Sat at Don Muang airport in Bangkok, the 3 p.m. departure to Phuket delayed until 20:50, said the status monitor behind the three frustrated girls behind the counter, trying to address the three-deep throng impatiently demanding what was going on. They (‘One-Two-Go’ Airline’) didn’t have a plane for us at the moment, they said.

One-Two-Go. They’ve changed the name to ‘A…uh…something ‘Thai’…and right now, I can’t for the life of me, remember the name of the carrier*, but they’re still the same people who had a crew attempt the short-field runway and run off into the sea, and worse, tried landing in a super bad rainstorm and crashed, with some of the survivors staggering away from the craft on fire, one’s worst nightmare when flying, except maybe having some kind of failure over the ocean.

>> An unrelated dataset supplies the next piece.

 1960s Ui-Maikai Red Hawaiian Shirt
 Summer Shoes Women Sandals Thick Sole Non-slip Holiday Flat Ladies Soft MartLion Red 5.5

I try not to think of that shit, but you can’t help it, especially when you know already you’re with some kind of fly-by-night operation who offer really really cheap seats. I’d change the name, too, wouldn’t you, after a couple of spectacular disasters, both of which were human judgment errors? But anybody can make a mistake.

I always ask for an exit row, that way I can be the first guy off the plane. You’re supposed to perform some kind of heroic your-fate-is-in-my-hands scenario by reading the card in advance and acknowledge your understanding of your duties to the flight attendant, and if need be, remove the door, stash it in the row in front or behind, up to you, then exit, and assist other passengers in de-planing.

There’s more legroom on the exit row. Everybody knows that.

Partly to escape that Thai airport cop’s incessant whistle, and trying to burn five more hours at the airport, after already showing up two hours early as they demand, I re-traced my route back through security and across the street to the designated smoking area and sat for a half hour or so with a couple of Thai guys and the Ethiopian women’s 400-meter relay team, pretty much absorbed in awe of the people you see in a city of 12 million people, and what kind of condition my place would be after six months absence.** Only ran across four beggars in three days. Two crippled guys and a couple of old ladies. Out of 12 million people, that’s not many asking you for spare change.

Not much else to say about that, except the dollar has depreciated noticeably against all foreign currencies. Over here, everybody is working.

I say ‘over here’, because some of you thought I was here already, but I wasn’t. I was still home, home on the rez, but now I’m not there, I’m here now. Same as you. We’re always ‘here’, aren’t we? Unless we’re somewhere else.

Did I tell you about ‘It’s Me’, my radio program?

The lady was apparently trying to impress me, when during the course of conversation, I’d mentioned skiing, and she raised her eyebrows, looked away and said she’d skied ‘Mt. St. Something Or Other’, in France. To ‘over’ on her, I said I’d been aboard the International Space Station.

“In France?” she asked.

“In space,” I replied. “You can check it out on my blog.”

Registering absolutely no surprise or other impression, she continued with her story. I expected some sort of reaction, like, “WHAT?”, or “Really?”, or “Oh? As a scientist or teacher or billionaire space tourist?” or “You liar,” but she just continued with her story.



-end




*now, I remember; ‘Orient-Thai’


** apart from the typical scum, mold and gecko shit, the only other remarkable thing was finding the skin of a snake across the shoulders of a hanging shirt. Unsettling to say the least. Yeah, no shit. I was wondering the same thing.

Good thing was, the garden is glorious, the six-year palms over the roof. A particularly extended wet season, they say, here, while Indonesia is getting hammered, first by an earthquake, then a tsunami, and now, a volcano. You want to go?

In response to a break-in three years ago, during which the thieves removed all the copper wiring and fixed themselves some of my noodle soup, I made the place here impenetrable. I’ve got the keys, and I couldn’t even get in. Had to do some climbing and squeezing and falling from about six feet, busting my ass in the process. Then the interior door disintegrated in my hands from a termite infestation.

Turned out, the one key I didn’t try was the one that opened the burglar-proof iron gate, I found out after I had already busted my ass in the fall. What’s a guy supposed to think of himself after some shit like that? Manas told me I was too old to be climbing around.

Well, it feels good to be back, just like it does when I’m there, and not here. It feels good to be anywhere.